Model selection#

Download#

Outline#

  • Case studies:

    A. SAT scores by state

    B. Deeper dive into sex discrimination in base salary

  • Model selection

  • Best subsets

  • Stepwise methods

Case study A: State SAT scores#

  • Predicting average 1982 SAT score by state.

  • Features:

    1. Takers (percentage)

    2. Income (parental income of SAT takers)

    3. Years (years of education in key subjects)

    4. Public (percent of takers in public high school)

    5. Expend (state expenditure on high schools per student)

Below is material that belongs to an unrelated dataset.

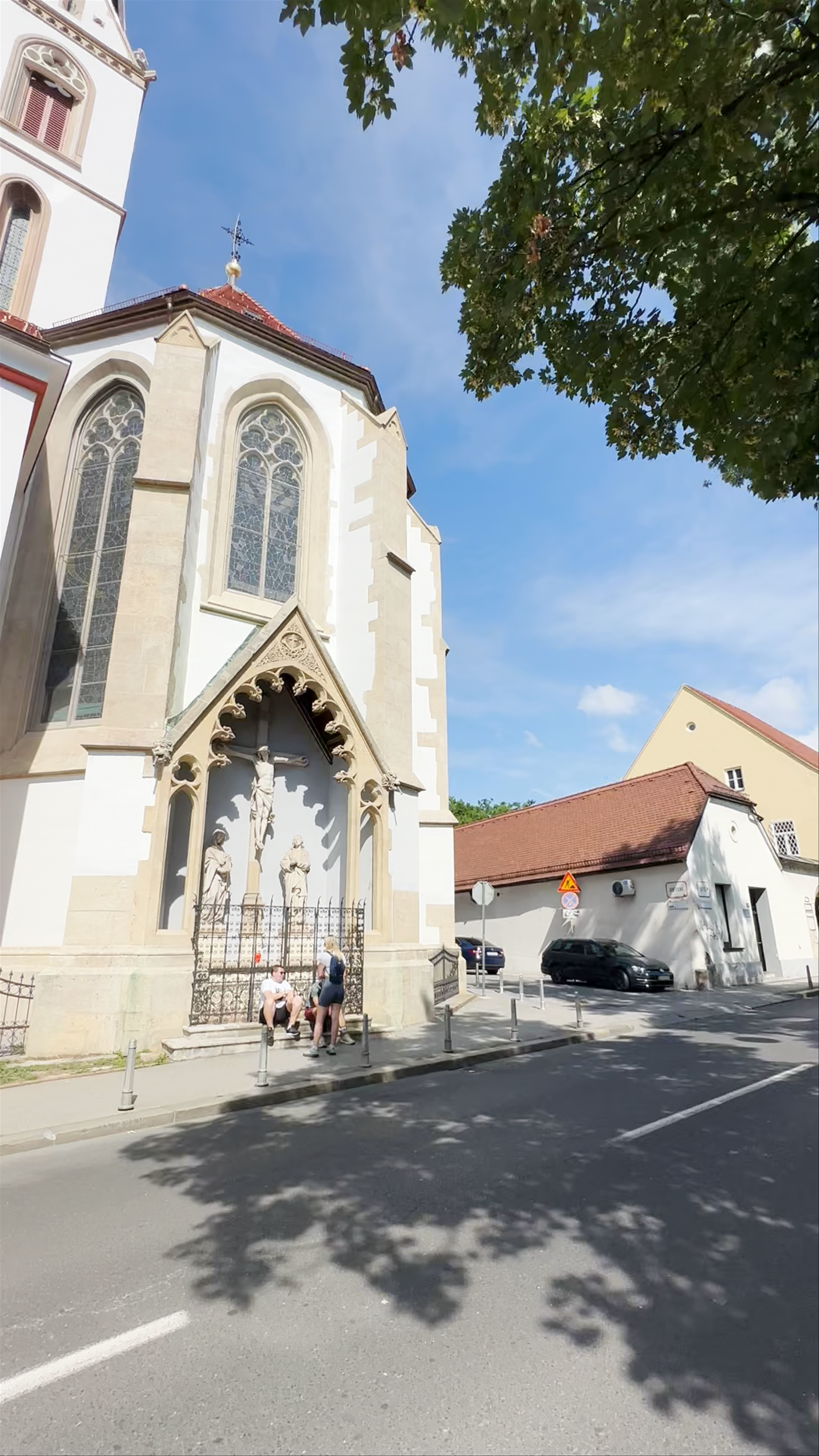Iglesia San Francisco: Serene Heritage in Zagreb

    6. Rank (average percentile of students writing SAT

SAT data#

url = 'https://raw.githubusercontent.com/StanfordStatistics/stats191-data/main/Sleuth3/state_SAT.csv'
SAT.df = read.csv(url, sep=',', row.names=1, header=TRUE)
head(SAT.df)
A data.frame: 6 × 7
SATTakersIncomeYearsPublicExpendRank
<int><int><int><dbl><dbl><dbl><dbl>
Iowa1088332616.7987.825.6089.7
SouthDakota1075226416.0786.219.9590.6
NorthDakota1068331716.5788.320.6289.8
Kansas1045533816.3083.927.1486.3
Nebraska1045529317.2583.621.0588.5
Montana1033826315.9193.729.4886.4

Case study B: Sex discrimination in employment#

  • Same data as earlier, with additional features:

    1. Age (years)

    2. Educ (years)

    3. Exper (months)

    4. Senior (months)

    5. Sal77 (salary in 1977 – used for a different analysis in the book)

Salary data#

url = 'https://raw.githubusercontent.com/StanfordStatistics/stats191-data/main/Sleuth3/discrim_employment.csv'
salary = read.table(url, sep=',', header=TRUE)
head(salary)
A data.frame: 6 × 7
BsalSal77SexSeniorAgeEducExper
<int><int><chr><int><int><int><dbl>
1504012420Male963291514.0
2630012060Male823571572.0
3600015120Male673151535.5
4600016320Male973541224.0
5600012300Male663511256.0
6684010380Male923741541.5

Model selection#

  • In a given regression situation, there are often many choices to be made. Recall our usual setup (with intercept)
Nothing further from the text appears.